In accordance with the terms and conditions of the Tender Offer, and based on the final count by the Depositary, Corcept has accepted for purchase 10,000,000 shares of common stock at a purchase price of $20.75 per share, for an aggregate cost of $207,500,000, excluding fees and expenses relating to the Tender Offer. The number of shares that Corcept has accepted for purchase in the Tender Offer represents approximately 9% of the total number of shares of common stock outstanding as of December 15, 2021. Corcept had approximately 105,933,592 shares of common stock outstanding following payment for the shares of common stock purchased in the Tender Offer.

Due to the oversubscription of the Tender Offer, based on the final count described above, Corcept accepted for purchase on a pro rata basis approximately 35% of the shares of common stock properly tendered and not properly withdrawn at the purchase price of $20.75 per share (other than "odd lot" holders, whose shares of common stock were purchased on a priority basis).

Shares of common stock not accepted for purchase will be returned promptly to stockholders. The Depositary will promptly pay for all of the shares of common stock accepted for purchase in accordance with the terms and conditions of the Tender Offer.

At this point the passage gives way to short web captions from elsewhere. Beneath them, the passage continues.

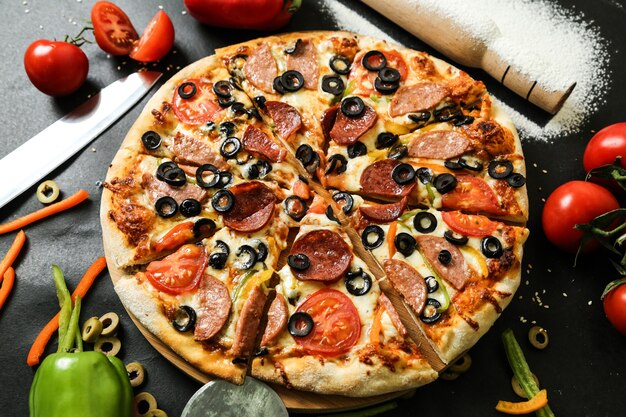 Seitenansicht Salami-Pizza mit Paprika-Tomaten-Oliven und Nudelholz mit Mehl
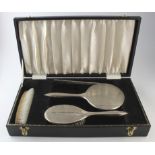 Boxed silver backed dressing table set hallmarked for B & Co., Birm. 1970/71.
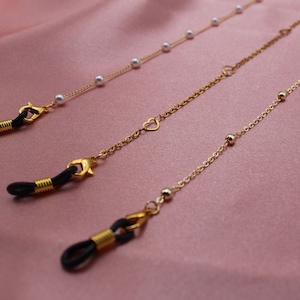 May include: Three gold eyeglass chains with different charms. The first chain has white pearls, the second has a heart charm, and the third has small gold beads.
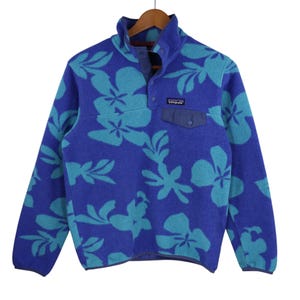 Puede incluir: Un jersey de forro polar azul con un estampado floral verde. El jersey tiene un cierre de botones a presión y un pequeño bolsillo en el pecho izquierdo. El logotipo de Patagonia es visible en el bolsillo.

The sole dealer manager for the Tender Offer is Truist Securities, Inc. D.F. King is serving as the information agent for the Tender Offer and Continental Stock Transfer & Trust Company is serving as the depositary. Canaccord Genuity LLC is serving as a financial advisor. For all questions relating to the Tender Offer, please contact the information agent, D.F. King & Co., Inc. at [email protected] or call toll-free at 1 (800) 431-9646, or call the dealer manager, Truist Securities, Inc. at 1 (404) 926-5832.

Important Notice

This press release is for informational purposes only and is not an offer to buy or the solicitation of an offer to sell any securities of Corcept.